Каково же было мое удивление, когда я нашла свой драгоценный платок аккуратно сложенным у себя на койке.
Я снова в платке прошла по двору мимо Клавки, и она равнодушно отвернулась, сплевывая подсолнечную шелуху мне вслед и играя ножками в пронзительно-лиловых чулках. Потом я встретила Ольгу. Она посмотрела на меня, и я заметила, как еле заметно дрогнули углы ее красивого твердого рта: так Ольга улыбнулась. Я поняла – платок мне вернула Клава по ее приказанию.
Те же уголовники до нитки ограбили во время этапа Александра Васильевича. Когда он получил деньги из дома, уголовники заставили его выкупить у них его же собственные вещи и вновь украли их.
Наступили уже морозные утренники, когда нас погрузили в тесный трюм парохода и по широкой Оби отправили на север.
Колпашево – это линия деревянных домиков, вытянутых по высокому берегу Оби. Сзади наступает на них нетронутая и бесконечная тайга с высоченными кедрами, пихтами, непроходимым буреломом, зверьем, комарами и гнусом, до смерти заедающими людей и животных.
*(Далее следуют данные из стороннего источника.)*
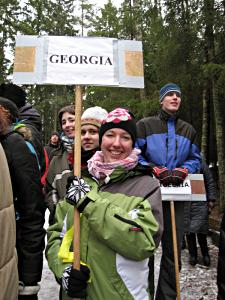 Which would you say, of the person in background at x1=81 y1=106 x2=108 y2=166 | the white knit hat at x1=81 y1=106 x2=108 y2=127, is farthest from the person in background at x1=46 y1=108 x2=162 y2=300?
the white knit hat at x1=81 y1=106 x2=108 y2=127

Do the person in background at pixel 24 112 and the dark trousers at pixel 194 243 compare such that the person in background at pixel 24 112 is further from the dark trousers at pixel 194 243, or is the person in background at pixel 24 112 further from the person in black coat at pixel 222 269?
the dark trousers at pixel 194 243

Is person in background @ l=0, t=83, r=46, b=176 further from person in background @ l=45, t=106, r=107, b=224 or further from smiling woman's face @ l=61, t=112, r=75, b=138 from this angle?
smiling woman's face @ l=61, t=112, r=75, b=138

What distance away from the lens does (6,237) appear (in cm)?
164

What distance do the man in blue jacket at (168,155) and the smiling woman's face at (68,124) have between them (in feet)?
2.34

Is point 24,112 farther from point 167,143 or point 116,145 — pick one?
point 167,143

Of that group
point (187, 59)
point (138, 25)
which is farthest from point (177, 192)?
point (138, 25)

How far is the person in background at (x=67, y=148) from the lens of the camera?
3.04 m

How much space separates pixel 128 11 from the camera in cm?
1366

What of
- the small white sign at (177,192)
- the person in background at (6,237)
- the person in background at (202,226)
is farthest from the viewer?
the person in background at (202,226)

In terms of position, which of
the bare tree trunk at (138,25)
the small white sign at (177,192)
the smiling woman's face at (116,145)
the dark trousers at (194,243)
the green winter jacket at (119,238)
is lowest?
the dark trousers at (194,243)

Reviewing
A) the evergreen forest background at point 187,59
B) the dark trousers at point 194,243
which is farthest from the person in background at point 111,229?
the evergreen forest background at point 187,59

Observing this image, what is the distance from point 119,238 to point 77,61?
4.00 feet

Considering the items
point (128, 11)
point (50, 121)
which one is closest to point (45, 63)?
point (128, 11)

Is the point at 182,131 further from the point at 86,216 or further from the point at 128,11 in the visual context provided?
the point at 128,11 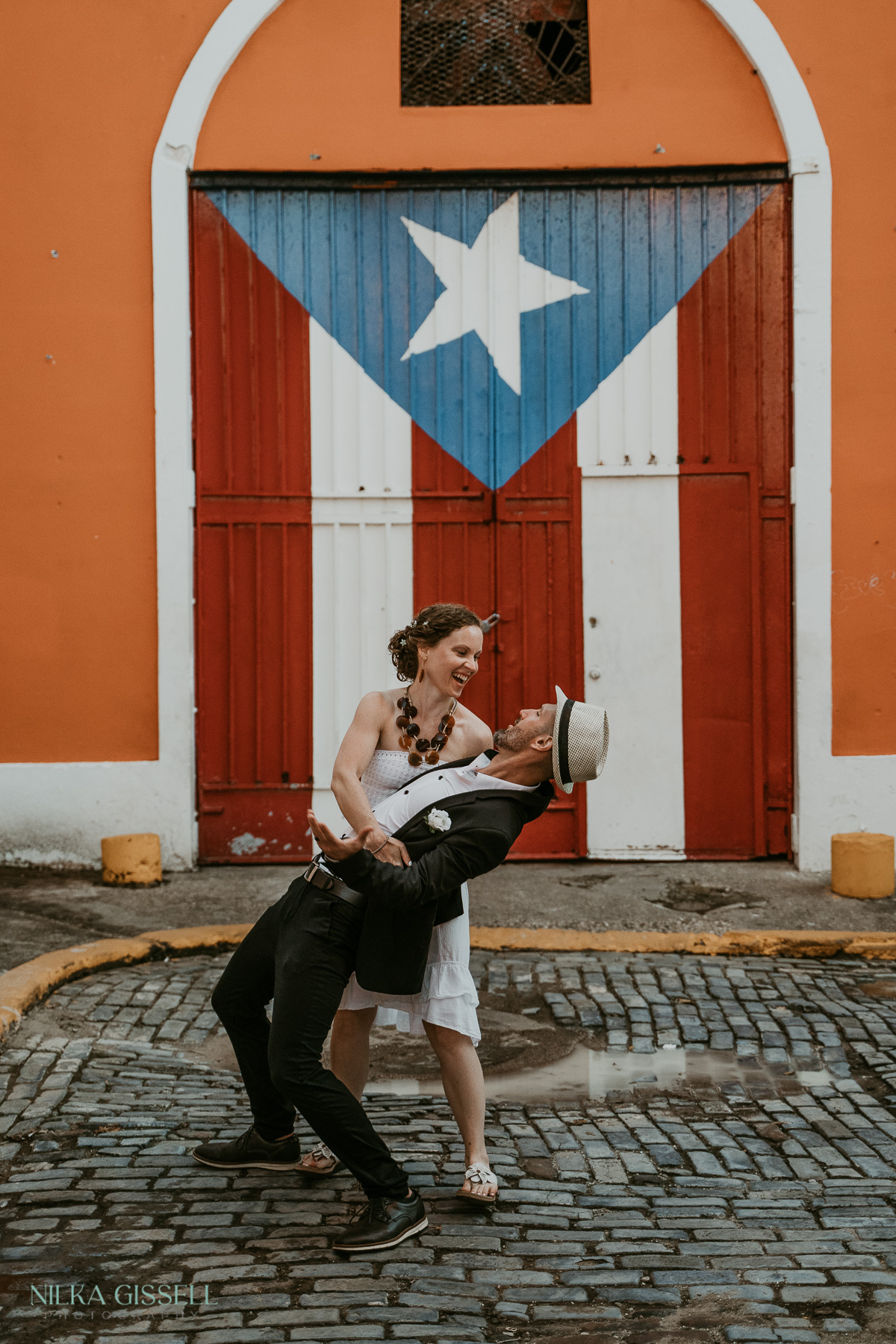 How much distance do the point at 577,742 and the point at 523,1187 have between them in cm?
144

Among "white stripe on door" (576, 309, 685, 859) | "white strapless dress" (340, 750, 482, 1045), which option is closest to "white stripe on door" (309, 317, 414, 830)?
"white stripe on door" (576, 309, 685, 859)

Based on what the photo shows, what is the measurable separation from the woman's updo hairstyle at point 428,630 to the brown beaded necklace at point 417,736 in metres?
0.13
Позади единственной колпашевской улицы жмутся землянки и хижины, наспех возводимые ссыльными ввиду приближающейся зимы.
Я поняла, почему нас с Александром Васильевичем прислали в Колпашево: здесь начиналось строительство нового административного центра, открывались учреждения, организовывались новые промыслы по рыбе, молоку, пушнине, дичи. Нужны были молодые грамотные люди: мы были здесь нужны.
Вместе с нами выгружались из парохода вольнонаемные рабочие, ехавшие на крайний север за «длинным рублем». Вперемежку со стройматериалами везли сюда и спецпереселенцев. Это были жертвы так называемого «раскулачивания», лучшие крепкие крестьянские семьи, разоренные и переселяемые целиком с малыми детьми и стариками. Они ехали рядом с нами в трюме парохода – заключенные последнего сорта; даже животных не повез бы так расчетливый хозяин. Мы наблюдали их рядом, за перегородкой: там они спали, плакали, что-то жевали, испражнялись, умирали.